義理人情の街大阪
先週に大阪で触れる日本の美しさということを書いた。名古屋に戻ってきてそのことについて頭の片隅にぼんやり残っていたのでしばらく考えてみた。というのも、梅田に限らずデパート、高層ビルやホテルなどでの接客など比較的マニュアル化された場所で人と触れる際、小さい頃に触れた、大阪のおばちゃんに代表される厚かましさとか、大阪独特の風情らしきものに触れる機会はなく、東京や名古屋などの同じ大都市の人との違いがあまり感じられなかったからだ。
一方、ネジ屋が集まる九条周辺の下町では、商売の話が多かったので笑いはそれほどなかったのだが、商売に対する心構えのようなものを強く感じて、それはちょっとどちらかというとドライな関係な名古屋には最近見られない何かだと思ったのだ。その何かをぼんやり感じていたのだが、その何かを表す言葉がみつからず、今日ふと考えてみると、それは「義理人情」であることがわかった。

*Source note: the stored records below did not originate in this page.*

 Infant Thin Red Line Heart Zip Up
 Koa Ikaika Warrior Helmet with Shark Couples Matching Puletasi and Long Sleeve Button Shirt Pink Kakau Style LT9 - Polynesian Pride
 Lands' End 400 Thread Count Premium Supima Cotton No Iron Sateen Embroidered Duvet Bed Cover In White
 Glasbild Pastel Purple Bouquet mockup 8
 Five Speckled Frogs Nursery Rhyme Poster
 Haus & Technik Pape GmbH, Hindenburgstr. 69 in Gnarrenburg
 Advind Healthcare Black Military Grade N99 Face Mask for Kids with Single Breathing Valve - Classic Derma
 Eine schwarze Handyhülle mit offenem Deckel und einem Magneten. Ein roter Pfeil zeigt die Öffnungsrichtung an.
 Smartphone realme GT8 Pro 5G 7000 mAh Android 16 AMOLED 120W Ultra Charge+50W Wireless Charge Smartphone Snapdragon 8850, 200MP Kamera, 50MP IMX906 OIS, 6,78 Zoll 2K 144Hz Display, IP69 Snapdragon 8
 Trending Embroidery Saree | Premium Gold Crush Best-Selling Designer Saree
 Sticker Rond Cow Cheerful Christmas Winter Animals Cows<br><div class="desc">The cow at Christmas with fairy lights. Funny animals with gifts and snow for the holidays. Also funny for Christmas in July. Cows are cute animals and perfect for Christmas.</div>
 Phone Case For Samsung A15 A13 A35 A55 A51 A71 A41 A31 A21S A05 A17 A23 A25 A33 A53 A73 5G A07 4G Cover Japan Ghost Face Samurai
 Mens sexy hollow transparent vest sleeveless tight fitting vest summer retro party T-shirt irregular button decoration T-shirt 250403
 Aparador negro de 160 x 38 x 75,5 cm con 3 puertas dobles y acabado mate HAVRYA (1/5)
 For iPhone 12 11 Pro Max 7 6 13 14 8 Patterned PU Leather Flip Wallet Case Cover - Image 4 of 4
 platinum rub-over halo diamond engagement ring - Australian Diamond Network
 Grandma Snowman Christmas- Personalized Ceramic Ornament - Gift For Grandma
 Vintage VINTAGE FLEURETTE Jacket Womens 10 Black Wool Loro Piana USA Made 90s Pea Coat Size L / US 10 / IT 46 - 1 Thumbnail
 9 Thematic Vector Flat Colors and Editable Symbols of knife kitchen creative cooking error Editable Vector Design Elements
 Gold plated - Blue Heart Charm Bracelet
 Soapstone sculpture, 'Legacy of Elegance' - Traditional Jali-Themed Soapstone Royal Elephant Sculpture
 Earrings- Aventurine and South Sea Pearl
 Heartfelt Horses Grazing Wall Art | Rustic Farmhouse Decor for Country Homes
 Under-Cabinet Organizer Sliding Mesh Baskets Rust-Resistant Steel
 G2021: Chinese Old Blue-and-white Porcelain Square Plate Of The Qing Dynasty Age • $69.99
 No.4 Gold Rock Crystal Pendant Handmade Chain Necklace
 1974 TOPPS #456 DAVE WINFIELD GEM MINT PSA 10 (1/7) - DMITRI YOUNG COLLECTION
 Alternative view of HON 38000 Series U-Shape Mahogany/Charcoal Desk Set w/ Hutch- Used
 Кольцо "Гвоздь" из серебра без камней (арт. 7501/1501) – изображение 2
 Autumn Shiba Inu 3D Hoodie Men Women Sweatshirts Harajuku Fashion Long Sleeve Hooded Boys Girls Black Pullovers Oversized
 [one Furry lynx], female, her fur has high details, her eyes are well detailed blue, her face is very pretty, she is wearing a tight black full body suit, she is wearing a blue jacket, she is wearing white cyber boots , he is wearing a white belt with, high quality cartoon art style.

昨今では、「義理人情」という言葉すら耳にしなくなったので、その言葉自体忘れていておもいつかなかったのだが、おそらくそれではないかと思った。「義理人情の街大阪」、最近では古い価値観のように見られてなかなか口に出しにくい言葉でもある。
大阪では、名古屋の商売は手堅く堅実であり、大阪の商売の方が上っ面だと謙遜される大阪の方もおられた。名古屋の商売が信用がないということではなく、大阪よりは田舎だけに閉鎖的な部分もある一方その分ドライに見えて商売が手堅くなる部分があるのだろう。反対に大阪は、義理人情に厚く人を受け入れやすいが故に裏切られたりすることも多くなるという部分もあるのではないかと思った。その人を受け入れやすいという部分と人間関係を大事にするというところにやさしさというか日本の美しさのようなものを感じたのかもしれない。
東京と名古屋に長く住んできた韓国人の妻に対して、大阪に行く時に、自分の好きな映画を見せたい時と同じように、韓国人に似た、情熱、ユーモアとやさしさに溢れた大阪の人の味わいを知ってもらいたいと常々思う。ただ、いつも感想を聞くと、東京と名古屋とそれほど変わらないというような感想ばかりであったのは残念であった。そして、今回の大阪の旅行でも特段こちらが望んだそういった感想はなかった。
梅田や難波などの繁華街に行くことが多かったからなのか、それとも現代の都市化、均一化とグローバリズムにより昔ながらの大阪の人の特徴が薄れてきたのか、それともただ単に旅行だけでは触れにくい部分なのだろうか。それは興味深いことであり、そして、もっともっと特に大阪の下町に行く機会を増やし大阪の人を知ってもらいたいと思わせた旅でもあった。